Inside, there was all the treasure on display. Oh sure, that copy of De Rev was only a second edition, but it still was priced comparably to my house.
I think I'm starting to get jaded. There were fewer things that made my head explode. But some of that may be that I've seen some of the head explody things a few times. Oh, there's Clark Ashton Smith's personal copy of Beyond the Wall of Sleep again. Yawn.
But there were still a number of head explodies. Like a wooden maquette (if that's the right word) of Kennington's bust of TE Lawrence.

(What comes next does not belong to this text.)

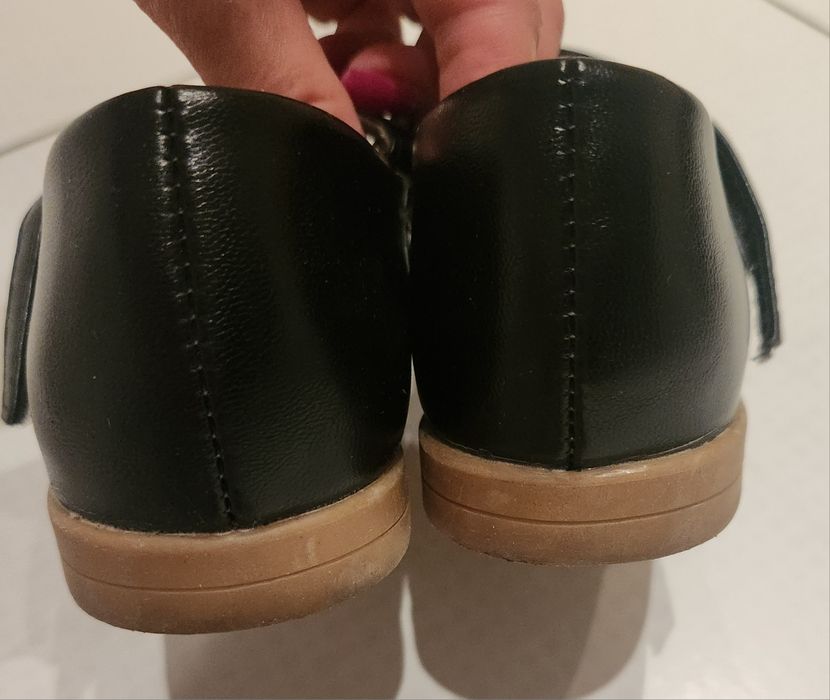 Продам туфли для девочки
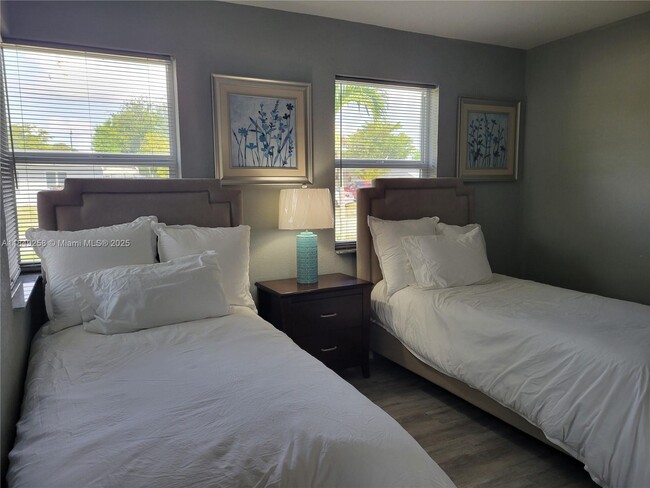 Photo - 2560 NE 8th Ter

And this is an inscribed copy of The Maltese Falcon. I wish you could see it better, because Dash Hammett's handwriting is extremely regular and neat. It would also help if you could clearly read the price of $235,000.
|From Public Photos|
And the steal of the century is this one, which someone should snap up before Sarah Michelle Gellar gets it. JM Barrie's Peter Pan in Kensington Gardens, illustrated by Arthur Rackham. With a Rackham signature and drawing of Solomon Caw, a character in the story. Also signed by Barrie. Also signed by George Frampton, the sculptor who made the statue of Peter Pan in Kensington Garden. Also signed by Princess Beatrice and Princess Marie Louise, granddaughters of Queen Victoria. A fucking steal at $9,600, but I didn't have that much on me at the moment. How embarrassing.
|From Public Photos|
However, I did come away with three items. Rather more modest. A signed copy of Donald Wandrei's Poems for Midnight. Although the joke's on me, since it appears the copy I already have is also signed. No matter, a good deal is still a good deal. Maybe I should corner the market on the book and create scarcity. There were only 742 copies published after all.

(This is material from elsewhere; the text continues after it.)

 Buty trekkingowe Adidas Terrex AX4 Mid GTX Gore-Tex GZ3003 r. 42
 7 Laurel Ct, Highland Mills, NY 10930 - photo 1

A signed HB edition of Last Defender of Camelot, one Zelazny's better short story collections. The PB was published first, but this was nicely made and signed, and not too expensive, so I got it.

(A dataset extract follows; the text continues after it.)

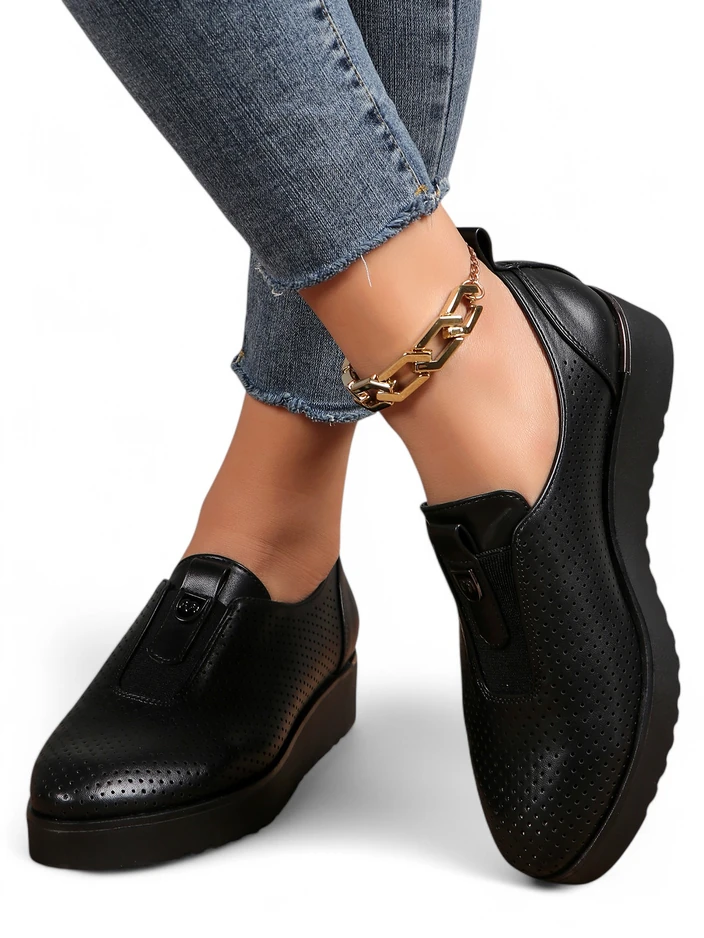 Royalfashion Ženske natikače z luknjami Goffies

A signed Whispers Press edition of Fritz Leiber's Rime Isle, a Fafhrd & Grey Mouser mini-novel, illustrated by Tim Kirk. It's also signed by publisher Stuart David Schiff, who describes it as Whispers Press' first book, though the interwebs suggests it was preceded by A Winter Wish, which I also have lying around here somewhere.
ETA: Someone, definitely not me, bought a Rudimentum Novitorum for a cool $1.15 million. Also interesting to compare that coverage of the show to the article in the Hollywood Reporter.